- [How to complete this task] Exactly as written, set down each line of the data below except its pictures.

- [Given information]
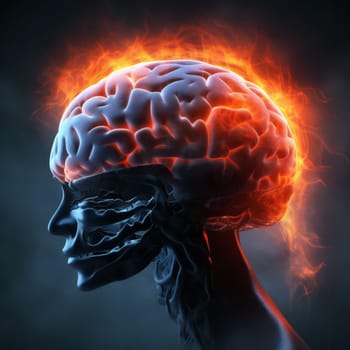 scan black ache head organ anatomy body stroke human pain blue brain neck headache x-ray nervous medical biology medicine red. Generative AI.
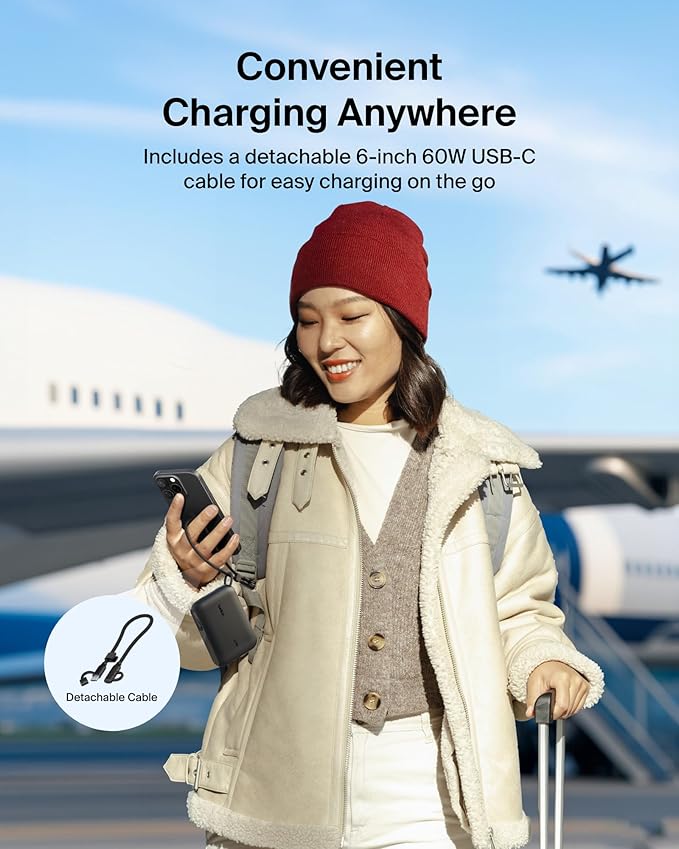 Belkin Portable Charger, Slim USB-C Power Bank 10,000mAh w/ 2 USB-C Ports, Digital Battery Display, 20W Charging Battery Pack - iPhone 17, Air, Pro, Samsung Galaxy S25, Pixel 10, iPad, & More - Black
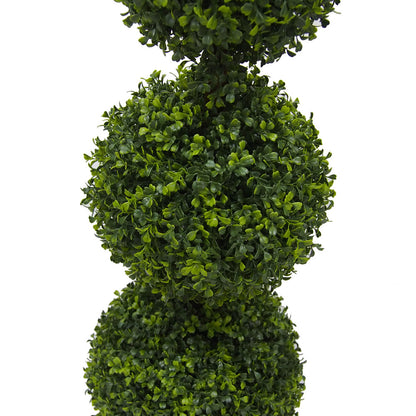 Vickerman 4' Artificial Potted Triple Ball Green Boxwood Topiary.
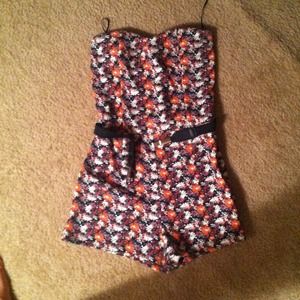 Bundle. Floral romper bathing suit & jean skirt.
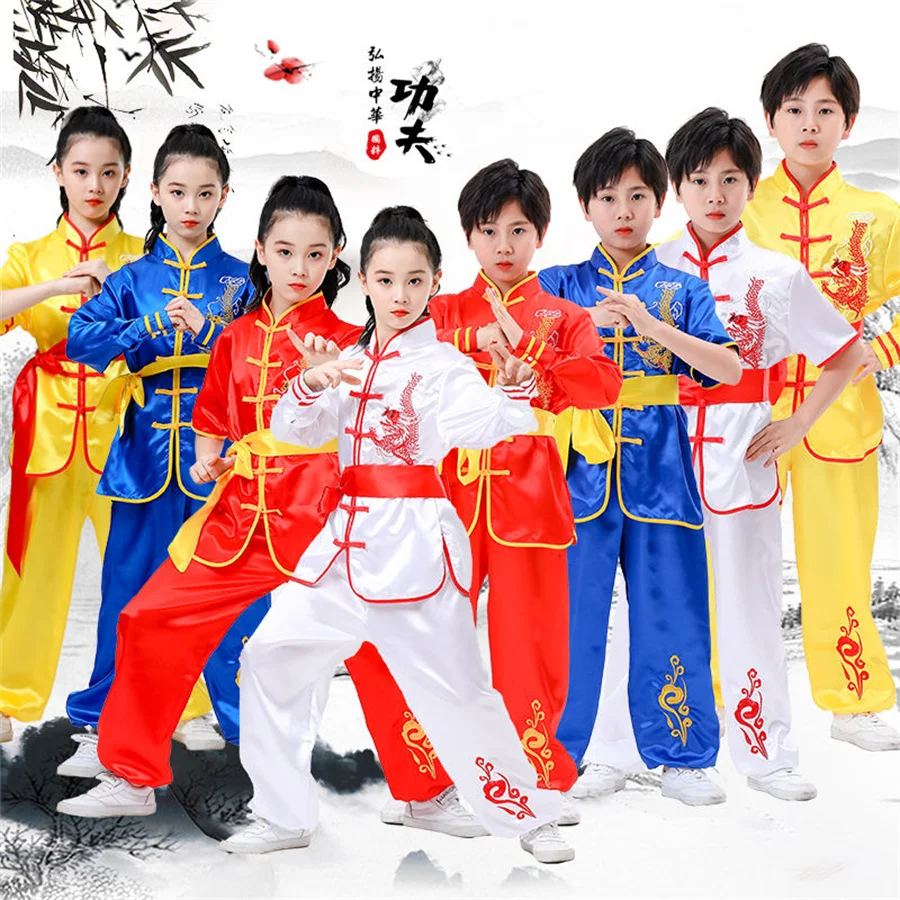 Kid Chinese traditional Wushu Costume clothing boys girls KungFu Suit Tai Chi Martial Art Uniform outfits chinese traditional costumes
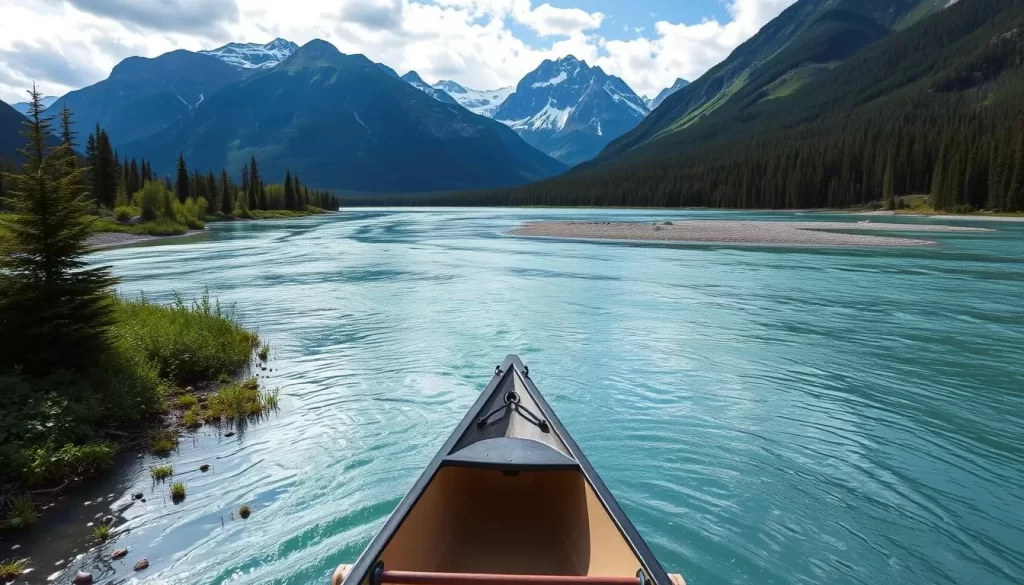 Image of a canoe or kayak on the Yukon River, with surrounding wilderness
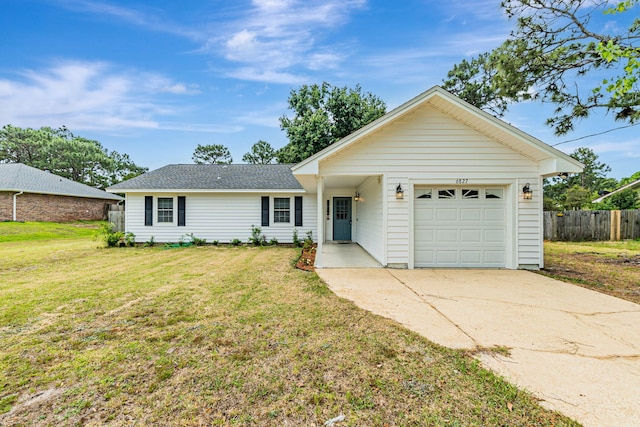 single story home with concrete driveway, an attached garage, and a shingled roof
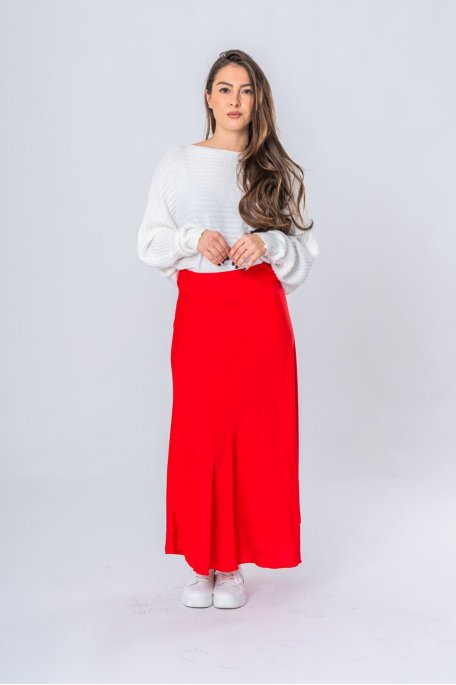 Red satin long trapeze skirt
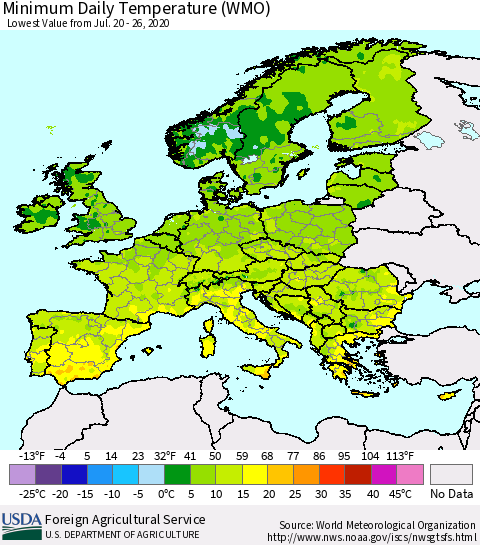 Europe Minimum Daily Temperature (WMO) Thematic Map For 7/20/2020 - 7/26/2020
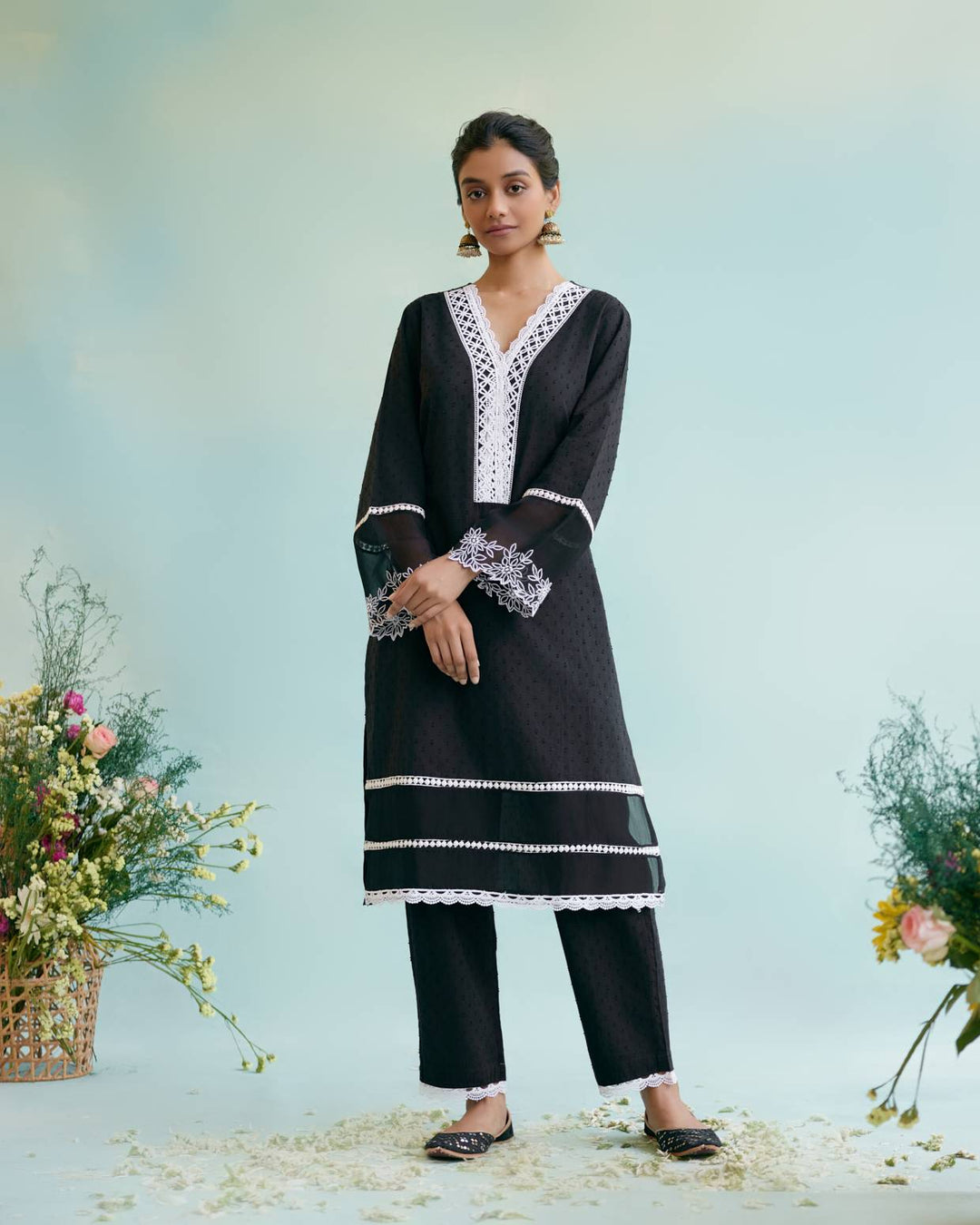 Cotton Dobby Fabric Black Kurta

- [Expected answer]
 scan black ache head organ anatomy body stroke human pain blue brain neck headache x-ray nervous medical biology medicine red. Generative AI.
 Belkin Portable Charger, Slim USB-C Power Bank 10,000mAh w/ 2 USB-C Ports, Digital Battery Display, 20W Charging Battery Pack - iPhone 17, Air, Pro, Samsung Galaxy S25, Pixel 10, iPad, & More - Black
 Vickerman 4' Artificial Potted Triple Ball Green Boxwood Topiary.
 Bundle. Floral romper bathing suit & jean skirt.
 Kid Chinese traditional Wushu Costume clothing boys girls KungFu Suit Tai Chi Martial Art Uniform outfits chinese traditional costumes
 Image of a canoe or kayak on the Yukon River, with surrounding wilderness
 single story home with concrete driveway, an attached garage, and a shingled roof
 Red satin long trapeze skirt
 Europe Minimum Daily Temperature (WMO) Thematic Map For 7/20/2020 - 7/26/2020
 Cotton Dobby Fabric Black Kurta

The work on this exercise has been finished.